[XML-SIG] unicode data

Martin v. Loewis martin@loewis.home.cs.tu-berlin.de
Tue, 7 Nov 2000 00:12:38 +0100


> Actually, this part of the spec is basically confused and confusing.
> The character encoding used only matters in primitive programming
> languages where there is no suitable wide string type.  This basically
> means C and C++.
> 
> That the requirement for UTF-16 fits Java, tcl and Python is mostly
> pure luck, since both UTF-8 (used by Perl) and UCS-4 (used by gcc) are
> credible alternatives.
> 
> In most languages, the character encoding used in wide strings are
> something the DOM should keep quiet about.

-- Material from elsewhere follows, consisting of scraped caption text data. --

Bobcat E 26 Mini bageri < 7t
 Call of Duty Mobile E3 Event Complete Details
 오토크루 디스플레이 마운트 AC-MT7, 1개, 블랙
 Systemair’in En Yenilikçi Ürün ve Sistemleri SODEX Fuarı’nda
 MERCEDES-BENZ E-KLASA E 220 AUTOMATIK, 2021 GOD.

The real underlying requirement is: strings in the DOM are number with
Unicode code points (i.e. Unicode is the character set); and the data
type should allow access to individual characters (rather than to
individual bytes of encoding) - IOW, DOM applications don't need to
care about multiple character sets.

In that way, UTF-16 and UCS-4 certainly qualify (if accessible on a
per-character basis). I don't know about Perl, but I think UTF-8
encoded byte strings would not be suitable in Python.

Regards,
Martin

P.S. The Unicode standard (even Unicode 3.0) is stupid enough to
outrule UCS-4 as an in-memory representation for Unicode. So it'll
take a while until others (like W3C) get it really right. As a
starting point, I think DOMString was the right thing to define.